Gaza children finished just 6 weeks of school
Rose said that out of the 183 buildings that housed UNRWA schools across the strip, at least 121 have sustained strikes from the war. (The total could be higher, as security constraints prevent UNRWA from completely assessing the total damage.)
Before the war began, the Gaza Strip held around 560 school buildings in total, according to the United Nations, serving over 625,000 students.
According to the UN’s report, as of mid-February, the majority of school buildings that had been directly hit were in areas that the Israeli military had designated for evacuation.
This week, two airstrikes on an UNRWA school in central Gaza killed six staff members. The agency said it was the fifth time the school had been attacked since the war began.
In a post on X, Philippe Lazzarini, commissioner general of UNRWA, said that the organization closed “all its schools” and turned them into shelters when the war started.
“Mattresses have replaced school desks. Too many schools are no place for learning. They have become places of despair, hunger, disease and death.”
Over the last year, children in Gaza had completed only “six weeks” of the 38-week school year, according to a June 2024 UNRWA briefing note.
“Children are not safe nor are they protected. UNICEF estimates that all of Gaza’s 1.2 million children need mental health and psychosocial support,” the brief said.

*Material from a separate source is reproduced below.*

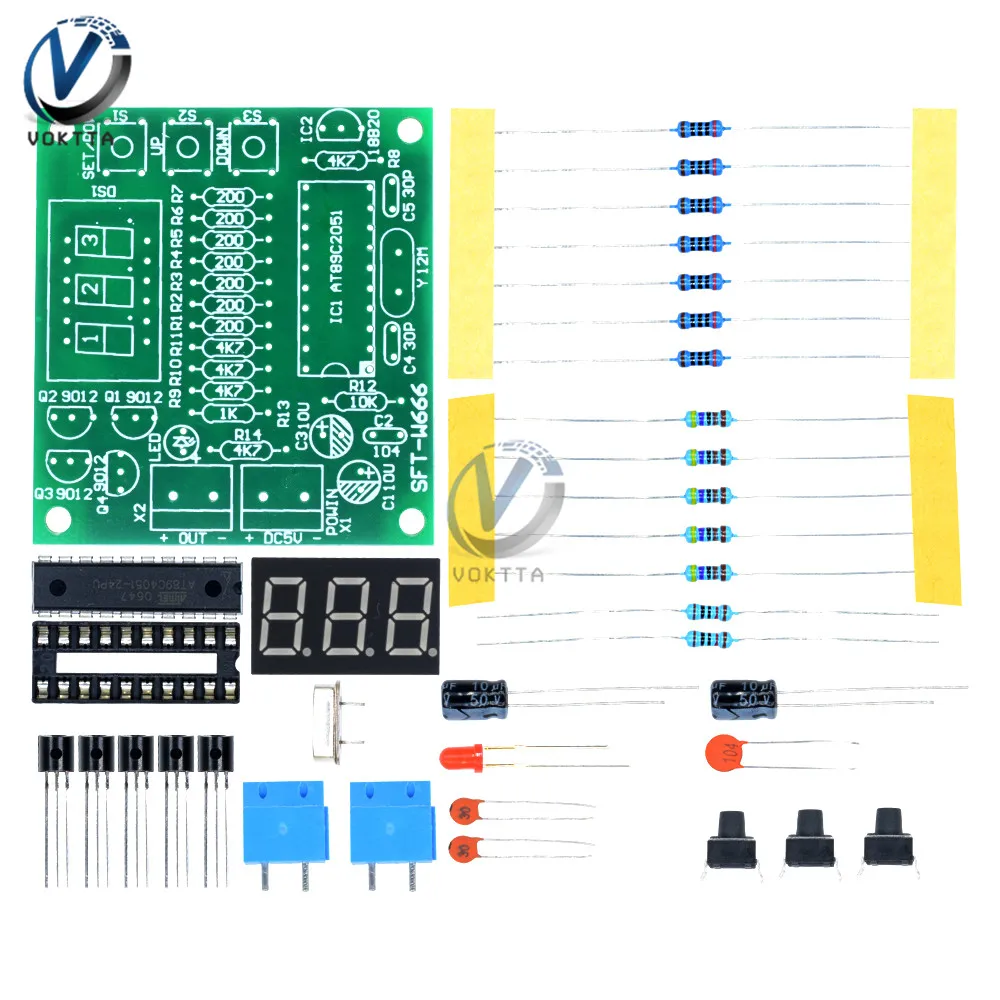 AT89C2051 DS18B20 LCD Digital Temperature Controller DIY Kit 5V DC Microcontroller Thermometer Meter Electronic Thermostat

The Israel-Hamas war began after a Hamas-led attack on southern Israel on Oct.7 killed 1,200 people and saw 250 hostages taken into Gaza, according to Israeli figures. Israel’s responding incursion into the strip has killed over 41,000, according to the Gaza Health Ministry.
Happy to be back to learning
Despite her current classroom being a stark difference from her previous one,
Al-Qan, the student, says she’s grateful to be back to school, “remembering what we learned, little by little.”
Another student, Asmahan Ashour, eagerly recites her lesson after Wadi.
Then, hunched over a piece of paper on the floor, she scribbles notes from the board, looking up quickly to make sure she’s got it right.
“The class is dark and burnt, and our backs hurt when we write,” Ashour tells El Saife after her lesson.
“I forgot the letters…. In math, I forgot multiplications … in English, I forgot the new words we had learned.”
Al-Qan says she enjoys being able to meet her friends in class rather than on the road, getting water for her family or at the market.
“We’re very happy we started learning again.”